Do livro “Dons do Espírito Santo” da autoria de D. Luís M. Martinez -  Arcebispo Primaz do México – Apresentação: Pe. Haroldo J. Rahm. SJ. Edições Paulina 1976. 
Estas nove (9) páginas riquíssimas do Amor de Deus , que colocamos no blog “Poço de Jacó”:

- Noções Gerais – Dom do Temor de Deus – Dom de Fortaleza – Dom de Piedade – Dons Intelectuais – Dom do Conselho – Dom da Ciência – Dom do Entendimento – e Dom da Sabedoria. 

sábado, 13 de julho de 2013

Espírito Santo - Dom do Entendimento


                                             Dom do Entendimento


    Há palavras felizes que exprimem com admirável acerto o que significam que são se não a definição da coisa significada, pelo menos a expressão exata dela. Tal é a palavra entender, em latim intellegere, intus legere –, que significa ler interiormente, penetrar. E realmente isso é entender, penetrar no interior das coisas.
   Na ordem natural, entendemos quando no interior do sensível captamos, por assim dizer, o abstrato, o imaterial. E na ordem sobrenatural, também entender é penetrar nas verdades sobrenaturais.
   Assim como a luz natural da razão nos faz penetrar as verdades sensíveis, para ver, para captar o imaterial, da mesma forma a luz do Dom do Entendimento, do qual vou tratar neste capítulo, serve para penetrar as verdades sobrenaturais e ler no íntimo, no profundo delas.
   Realmente temos necessidade desta penetração nas verdades; porque quanto mais se penetra numa verdade, maior proveito recebe o espírito. Santo Inácio de Loyola, em seus Exercícios, adverte que não é do muito saber que a alma tira proveito, mas do fato de penetrar e saborear as coisas espirituais.
   Para encontrar nosso proveito espiritual não é necessário acumular leituras, conhecimentos e meditações; será muito melhor penetrar algumas verdades, entende-las e saboreá-las.
   E vemos isso com muitíssima frequência. Quando se praticam exercícios espirituais, ou se faz um dia de retiro, ou simplesmente se medita com atenção numa verdade sobrenatural, temos  a impressão que nossa alma se transforma e nos sentimos outros; é uma luz nova que produz em nossa alma uma nova atitude com relação às coisas espirituais.
   Para alcançar a perfeição é preciso penetrar nas verdades sobrenaturais; mas para alcançar esta penetração não basta a fé, porque a fé nos faz sentir as verdades pela autoridade de Deus que as revelou, mas não nos faz penetrar nelas. Esta penetração vem do Dom do Entendimento.
   Os outros dons intelectuais não são para penetrar: o do Conselho, como já expliquei, é para fazer a aplicação dos grandes princípios cristãos às nossas ações concretas; a Ciência é para ir a Deus por meio das criaturas, para conhecer a Deus através das criaturas, e a Sabedoria como explicarei depois, é para olhar todas as coisas desde a excelsa atalaia de Deus.
   O Dom da penetração, o Dom da intuição, é o Dom do Entendimento; por ele conseguimos um conhecimento mais profundo das verdades sobrenaturais, dos mistérios cristãos, dos dogmas da nossa fé. E quanto maior for o desenvolvimento alcançado em nossa alma por este Dom, tanto mais profundo será o olhar, tanto mais penetrante será a intuição.

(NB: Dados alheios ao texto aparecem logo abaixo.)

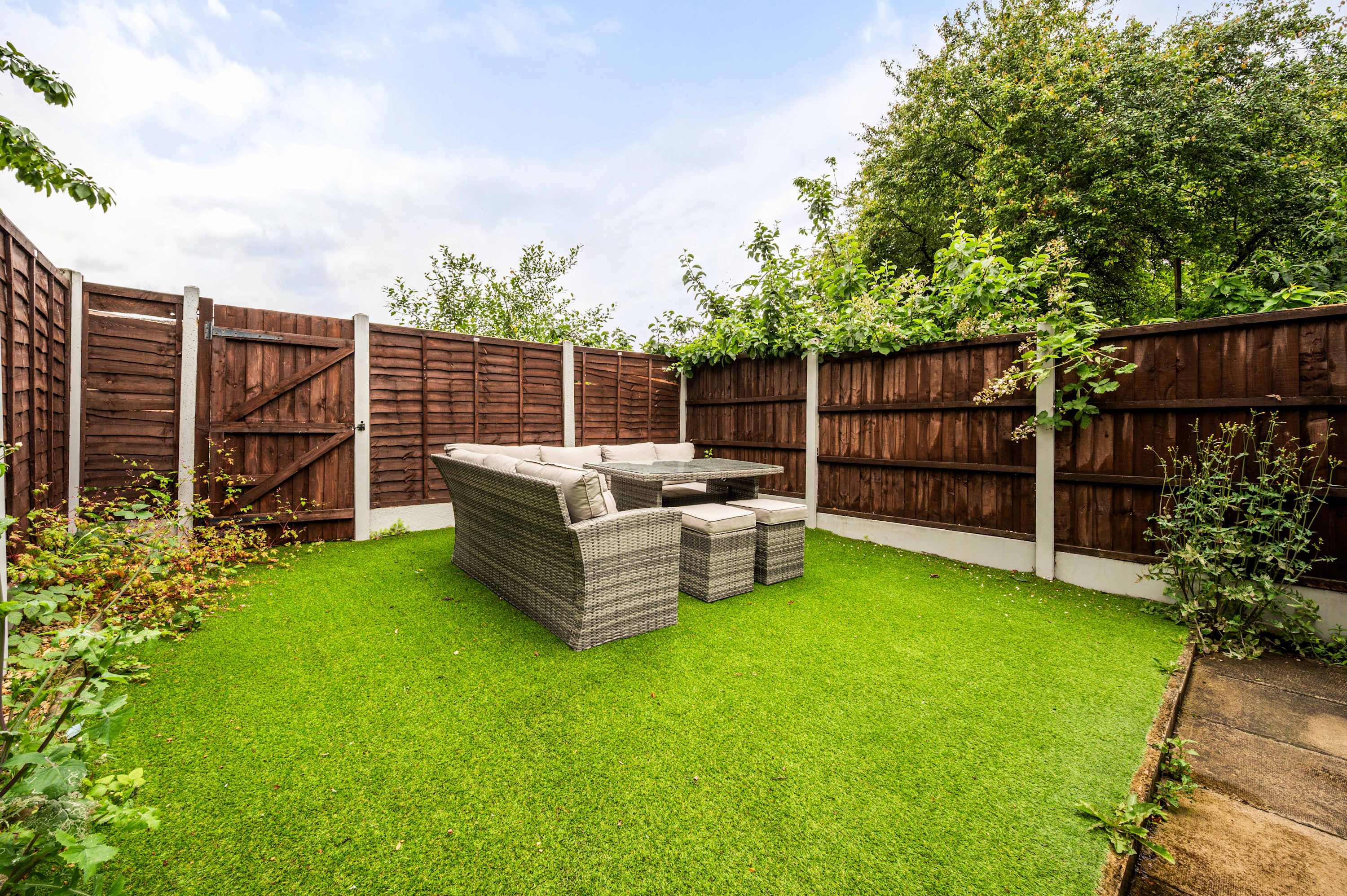 Amazonian Luxury Family Home MCR City Centre+Park in Shilford Drive 10 M4 4JG - Property image 56 - VivreStays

   Porque e como o Dom do Entendimento penetra nas verdades sobrenaturais? Tentarei explica-lo.
   O porquê, não é mais do que uma explicação dos princípios gerais acerca dos Dons, matéria já anteriormente explicada. Os Dons intelectuais nos dão um conhecimento profundo das coisas divinas, porque estamos unidos a Deus, por um doce, por uma íntima experiência realizada pelo amor. Isso acontece em todos os Dons; portanto, acontece também com o Dom do Entendimento.
   Para ter este Dom, como todos os demais do Espírito Samto, é preciso estar em graça, ter a caridade que é a raíz profunda de onde brotam como renovos divinos os sete Dons do Espírito Santo. Pela caridade nos unimos com Deus, aderimos a ele, e desta união íntima e desta adesão firme, resulta o conhecimento experiencial.
   Da mesma forma como nós – já expliquei nos capítulos anteriores –, temos uma penetração singular para compreender as almas que amamos, assim como para a nossa vida íntima não temos necessidade de raciocinar, mas basta penetrar no íntimo do nosso ser para conhecê-la, assim quando a alma está unida a Deus, o ver e o conhece por uma doce experiência.
   Cada um dos Dons une a Deus, nos une ao Espírito Santo como o Diretor, como o motor das nossas almas; mas ao mesmo tempo nos une a Deus como o objeto do nosso amor. O Espírito Santo não só é motor, é também Dom, o Dom de Deus, o Dom por excelência que recebemos.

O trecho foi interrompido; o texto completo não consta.